Possono la professionalità, la competenza e l’esperienza essere misurati esclusivamente attraverso classificazioni e rigidi requisiti formali? Il Ministero dell’Economia e delle Finanze ha recentemente emanato, attraverso un decreto, il nuovo regolamento sui requisiti professionali dei vertici degli istituti di credito imponendo un maggior rigore nei profili professionali per la gestione delle banche. Le spinte in tal senso sono state diverse e reiterate nel tempo. Di certo alcuni episodi di malagestione che in passato hanno coinvolto istituti di credito si sono aggiunti al succedersi di crisi economiche che hanno coinvolto anche il sistema bancario.

Senza contare il peso, sempre maggiore e politicamente più rilevante, che hanno assunto negli ultimi vent’anni i grandi colossi bancari i quali, accrescendo a dismisura la propria dimensione e complessità, si sono resi via via più vulnerabili diventando potenzialmente pericolosi per l’intero sistema bancario ed economico, tanto da essere catalogati come “too big to fail”. Dunque, malagestione, crisi economiche e accresciute dimensioni e complessità degli istituti bancari hanno indotto Bce e Banca d’Italia a intervenire ripetutamente con diverse sollecitazioni fino a convincere il Governo italiano a introdurre prescrizioni assai selettive che richiedono agli esponenti bancari un bagaglio di conoscenze estremamente specialistiche con lo scopo – sacrosanto – di favorire un oculato, qualificato ed esperto governo delle aziende di credito in modo da porle così, per quanto possibile, al riparo da errori e malagestione. Una necessità indubbiamente comprensibile e condivisibile senza però illudersi perché se la competenza e l’esperienza possono prevenire una malagestione dovuta a colpa, nulla possono quando questa è frutto di dolo.

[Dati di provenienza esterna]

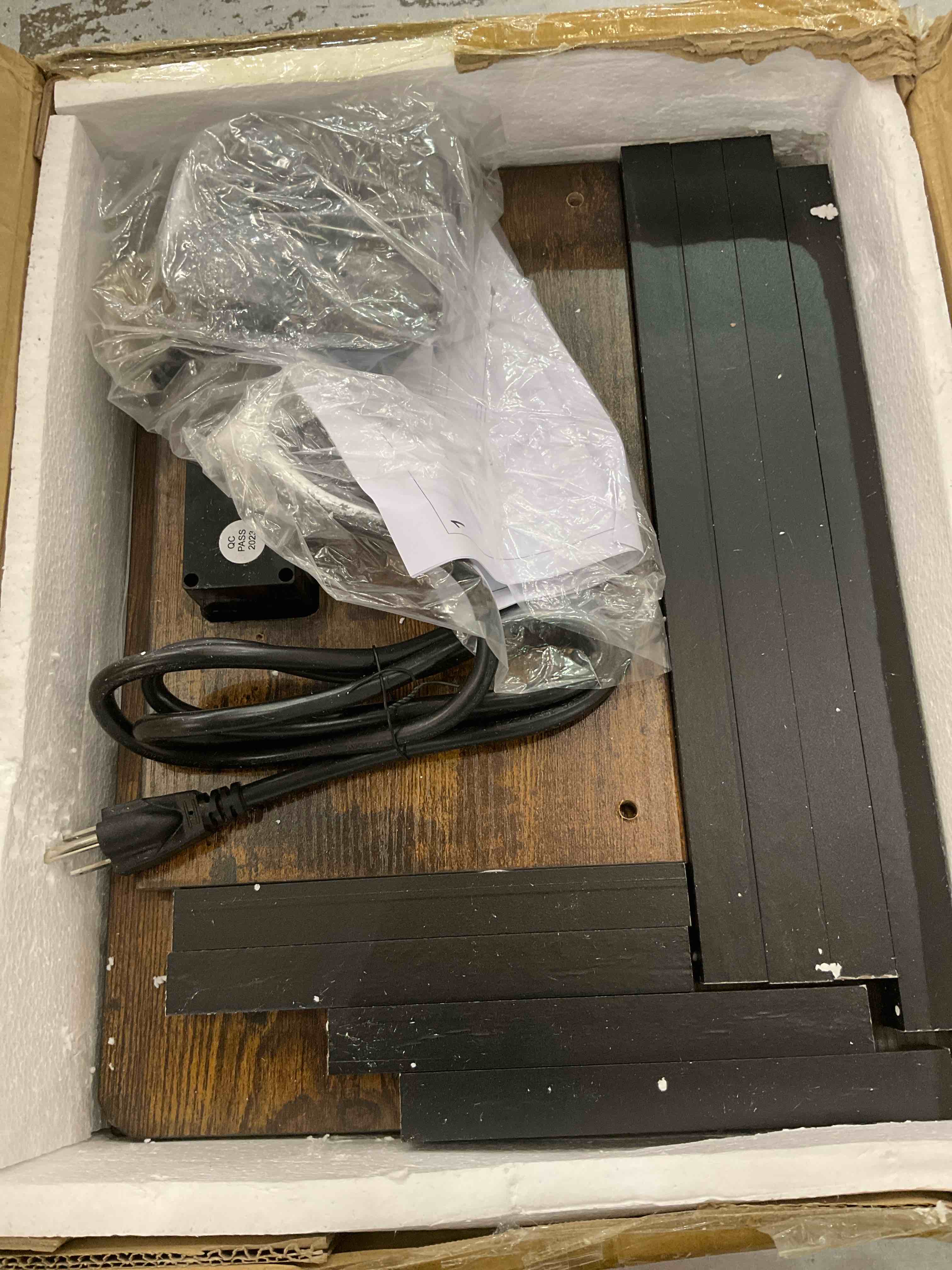 https://s3.amazonaws.com/lotting-images-prod/BargainHunt/EXS01032079_1708358765450.jpeg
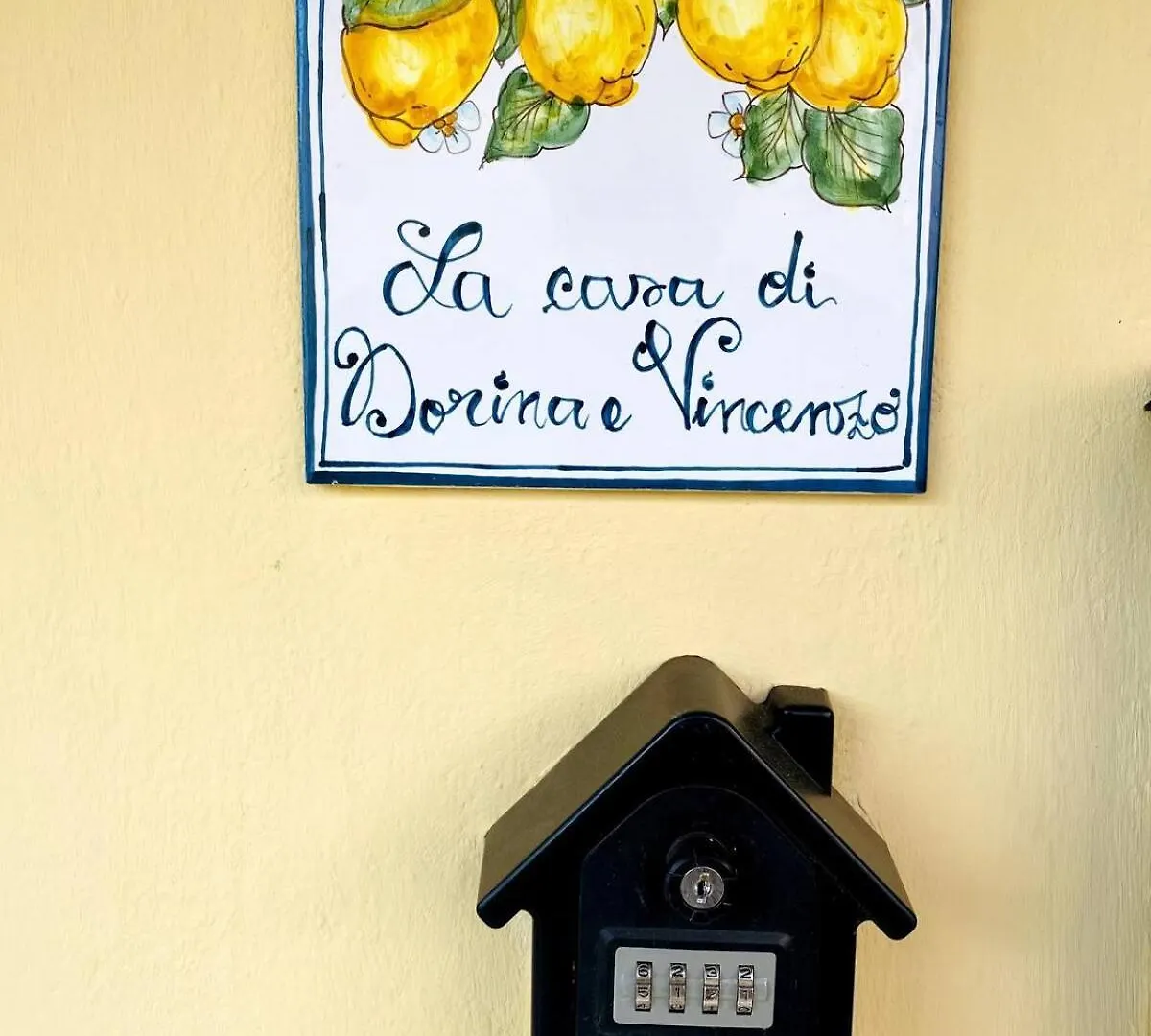 La Casa Di Dorina E Vincenzo Villa Gabbro Italy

Il vero problema nasce, però, nel momento in cui i nuovi requisiti prendono in considerazione soltanto aspetti di carattere formalistico e quando, nel definirli, non si tiene conto della natura del sistema bancario italiano (come del resto di quello europeo e occidentale). Un sistema che non è affatto omogeneo e che, dunque, oltre a grandi gruppi bancari è formato da banche medie, piccole e piccolissime che possono essere s.p.a., popolari e del territorio o di credito cooperativo e che rappresentano una quota importante di mercato. Il problema non è certo nuovo: imprese tra loro diverse per forma giuridica, modello di business e qualità delle relazioni con la clientela e con la rispettiva base sociale, regolamentate allo stesso modo. Un conto è amministrare una multinazionale del credito con sedi e filiali in ogni angolo del pianeta e che oltre a gestire il risparmio svolge imponenti attività finanziarie altro è amministrare una piccola banca del territorio che fa del legame con una determinata comunità e con l’imprenditoria di quel territorio la propria caratteristica principale. Sicuramente per entrambe queste realtà sono richieste competenze, professionalità ed esperienza ma di natura diversa e misurabili con parametri disomogenei.

Imporre profili dirigenziali necessari per la gestione dei colossi bancari a tutto il sistema creditizio produrrebbe notevoli difficoltà nella formazione dei prossimi consigli di amministrazione. Porterebbe ad escludere, non senza danni operativi e reputazionali per le rispettive banche, molti soggetti quali imprenditori o artigiani che operano nelle rispettive comunità e che, pur avendo una indiscussa professionalità ed esperienza conquistate sul campo e nel tempo grazie al rapporto con l’imprenditoria locale, potrebbero non rientrare negli schemi dalla nuova normativa che, interamente focalizzata sulle competenze bancarie, trascura il principio della necessità di diversificare le competenze stesse degli amministratori ai fini di una composizione quali-quantitativa ottimale.

Ciò soprattutto in banche che, come le popolari, fanno del sostegno all’economia reale e del localismo la propria mission. Ancora una volta proporzionalità e flessibilità, insieme ad una elevata dose di buon senso, dovrebbero ispirare i decisori e spingerli a rivedere questo regolamento. Considerare e valorizzare, per preservarla, la biodiversità bancaria è una necessità non tanto e non solo per la solidità del sistema creditizio ma anche e soprattutto per quella economica.